**RECORDS SHOWN**
++++++++++

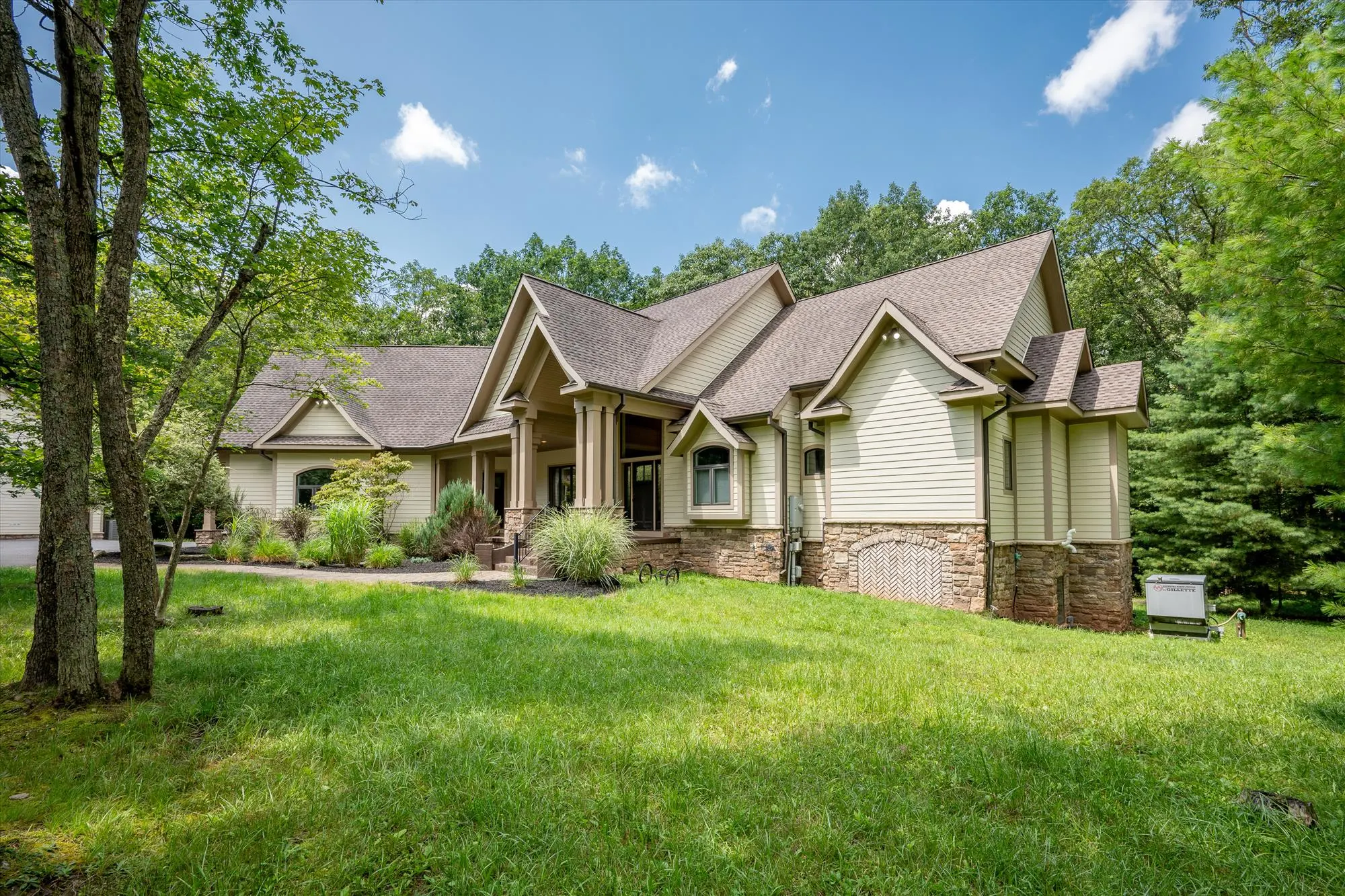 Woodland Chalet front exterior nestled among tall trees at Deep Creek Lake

++++++++++

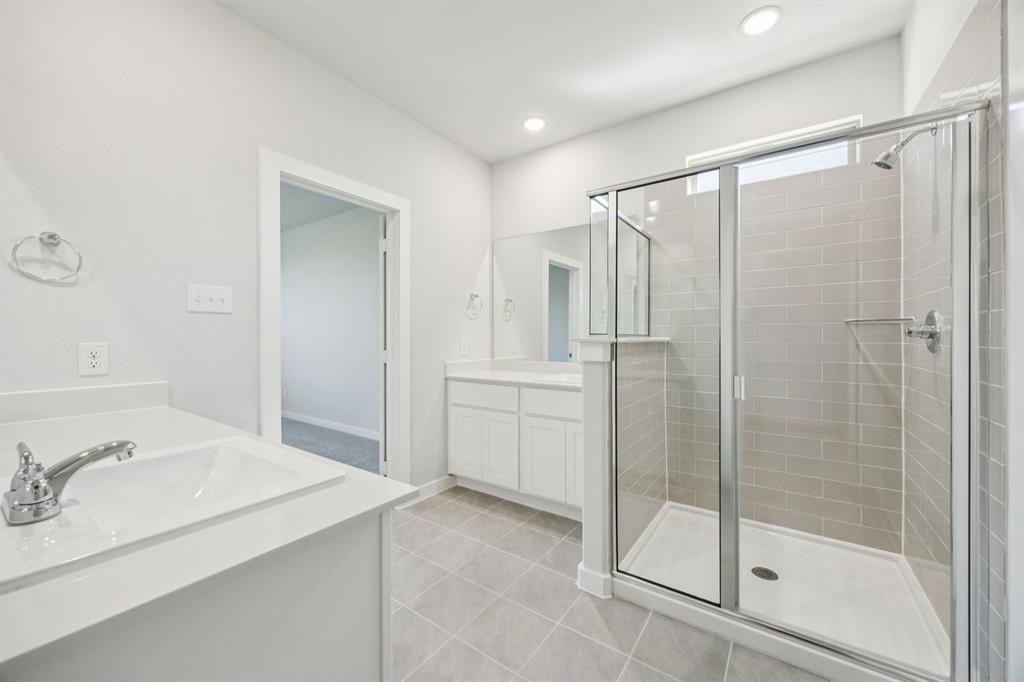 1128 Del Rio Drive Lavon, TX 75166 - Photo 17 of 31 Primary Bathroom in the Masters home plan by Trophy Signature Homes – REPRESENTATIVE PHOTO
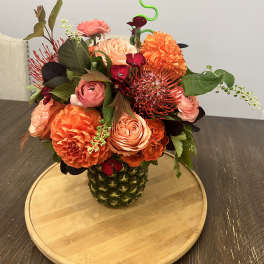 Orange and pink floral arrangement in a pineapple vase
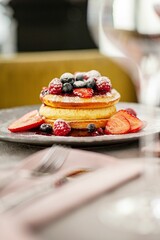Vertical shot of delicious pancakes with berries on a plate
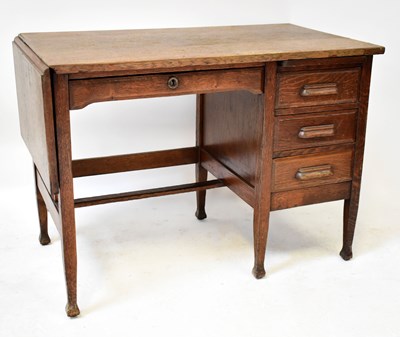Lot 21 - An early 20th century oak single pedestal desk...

++++++++++

**AIM OF THE EXERCISE**
Starting at the line containing "Vertical shot of" and stopping at the line containing "Lot 21 - An", output each line exactly as it appears above. Leave out the pictures.

**YOUR RESPONSE**
Vertical shot of delicious pancakes with berries on a plate
Lot 21 - An early 20th century oak single pedestal desk...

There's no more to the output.